A full copy of the British Energy Security Strategy can be downloaded here: https://www.gov.uk/government/publications/british-energy-security-strategy
 Industry response to UK Governments April 2022 Energy Security Strategy
David Smith, Chief Executive of Energy Networks Association said: “With millions of pounds invested, we are already preparing Great Britain’s networks for hydrogen and today’s news alongside yesterday’s Energy Security Strategy sets a clear direction for the UK delivering the technologies of tomorrow. The ambition is there from government and industry alike to create the energy system we need for net zero.”
Leading electrotechnical trade body ECA has responded to the Government’s Energy Security Strategy saying whilst it broadly supports the Government’s ambitions for solar and wind power, it urged the Government to focus first on energy efficiency, retrofitting ageing housing stock, and creating the right conditions for upskilling the electrotechnical workforce.
Luke Osborne, ECA Energy Solutions Advisor said: “The quickest route to energy security is to reduce our energy use by retrofitting our aging housing stock. By creating better incentives for energy efficient buildings, such as a home insultation scheme and an expansion of the Boiler Upgrade Scheme to include other low carbon, energy saving solutions, consumers would see an immediate reduction in fuel bills. These are solutions that are available now and can make a difference now. Boosting oil and gas is not an acceptable short-term measure – energy efficiency is. The notion that we can delay our switch to low carbon energy by burning more fossil fuels in the interim is misguided, especially in light of the IPCC’s latest climate change report.”

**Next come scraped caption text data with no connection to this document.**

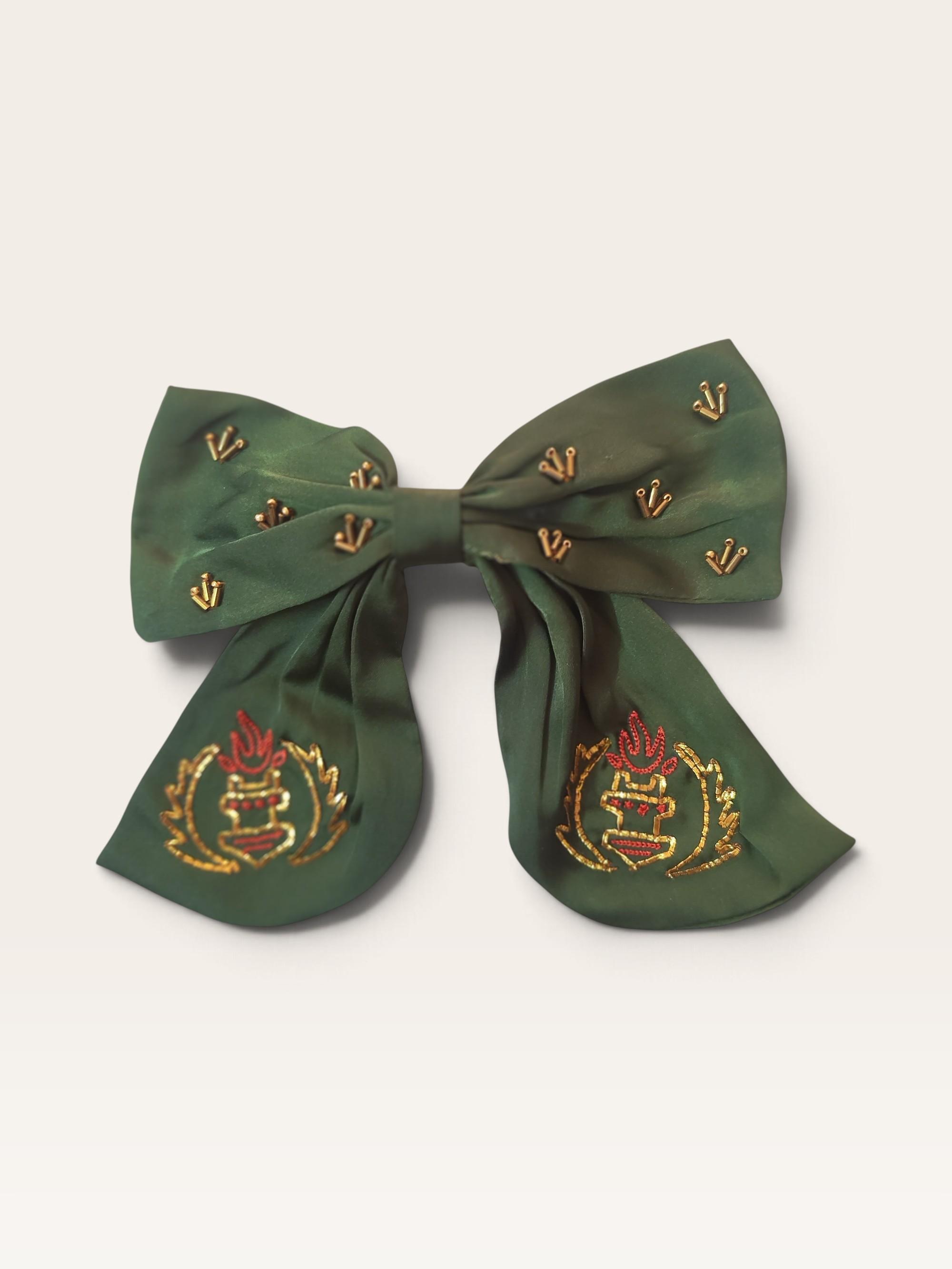 Silky green vintage bow clip - Image 1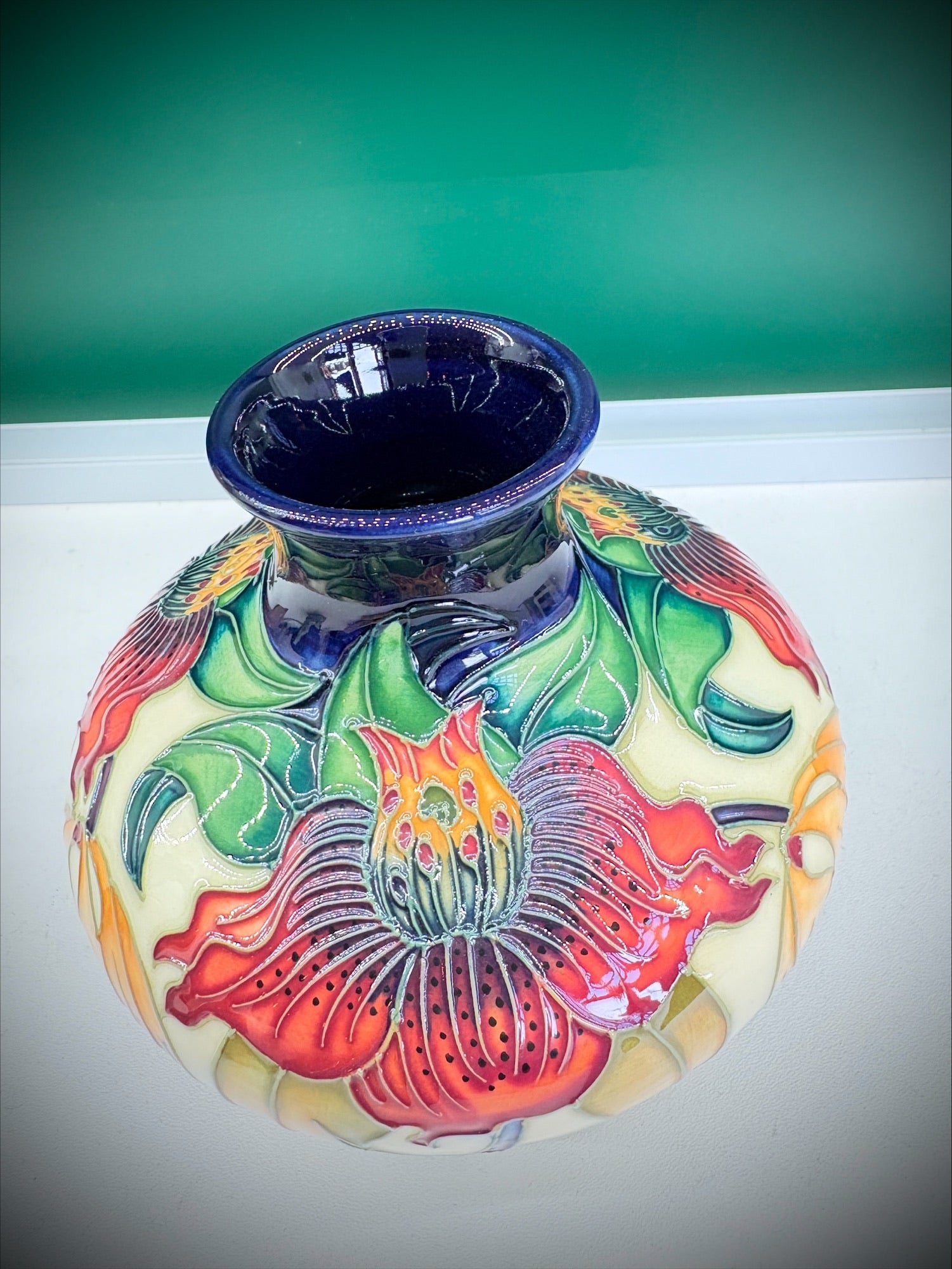Moorcroft Anna Lily Squat Vase – Nicola Slaney, 1998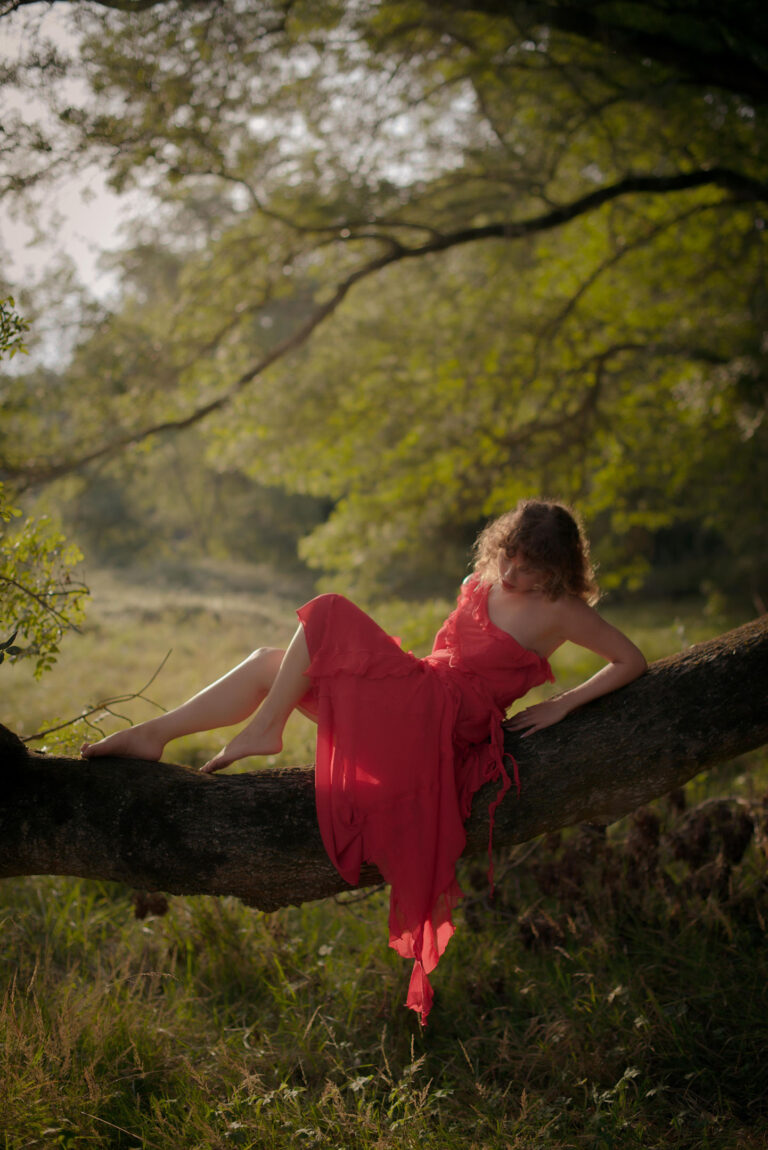 Un instant hors du temps, Silvia allongée sur une branche, rêve éveillé – Portrait poétique à Cannes.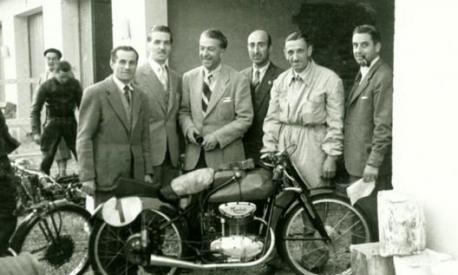 Giuseppe Boselli con la Mondiale 125 del 1949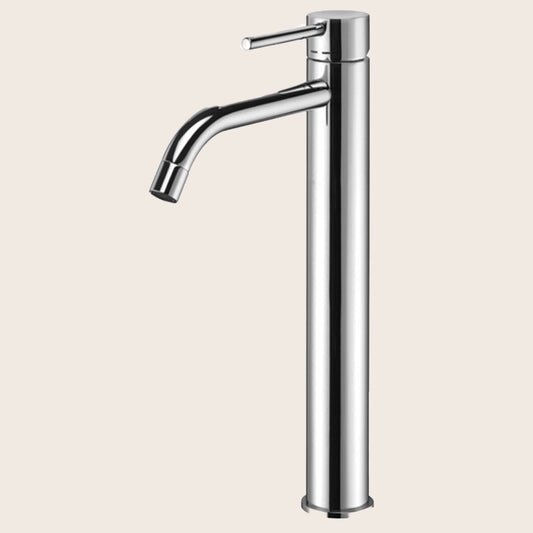 Paffoni Light Lig085 Miscelatore Lavabo Alto Prolungato ambientato su piano bagno con accessori
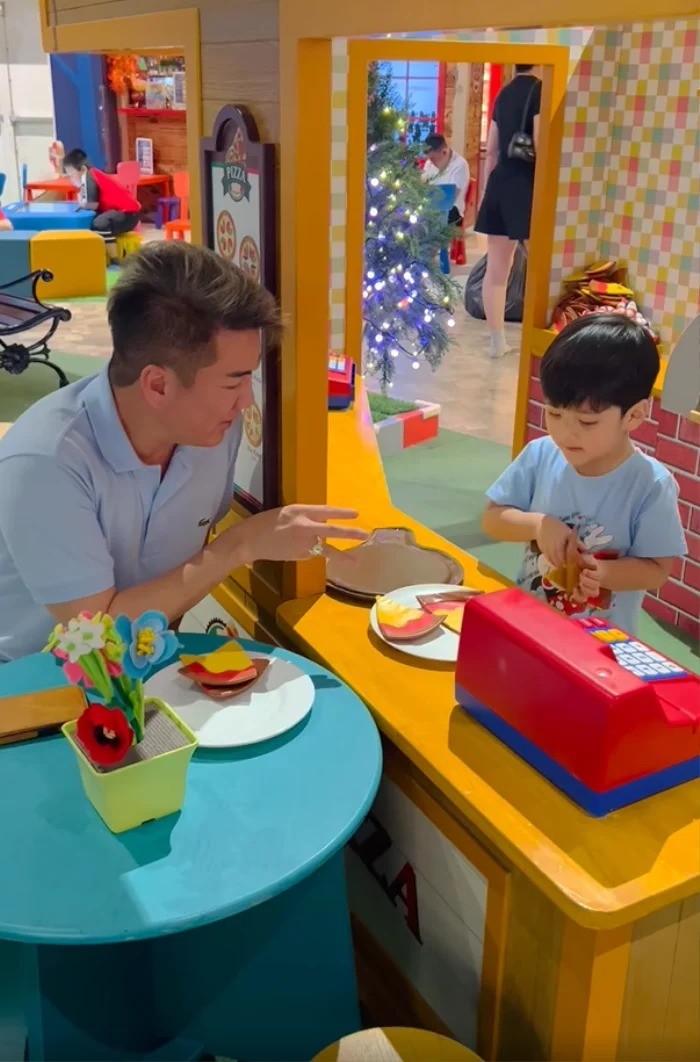 Đàm Vĩnh Hưng dành thời gian chơi đùa với con. Ảnh: Chụp màn hình Đàm Vĩnh Hưng dành thời gian chơi đùa với con. Ảnh: Chụp màn hình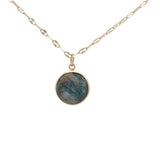 Collier doré médaille visage en labradorite 42 cm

Andrew Eldred, ECA Director of Workforce and Public Affairs said: “Measures to encourage electricians to upskill are urgently needed as they are essential to delivering the ambitions set out in this strategy. Without a properly trained and qualified workforce, the UK cannot meet its low-carbon energy needs. We urge the Government to listen to the electrotechnical sector and focus its drive on giving competent firms and individuals the confidence to invest in low-carbon upskilling, as a starting point on our way to energy independence and Net Zero.”
Jay Parmar, Chief Executive of the JIB, said: “The JIB welcomes the arrival of the Government’s eagerly anticipated Energy Strategy. The shift away from non-renewable energy sources towards a more sustainable future is vital if we are to meet the target of net zero carbon and affordable energy by 2050. The JIB will continue to work with industry bodies to ensure there is a trained, competent and skilled workforce in place to deliver a greener built environment.”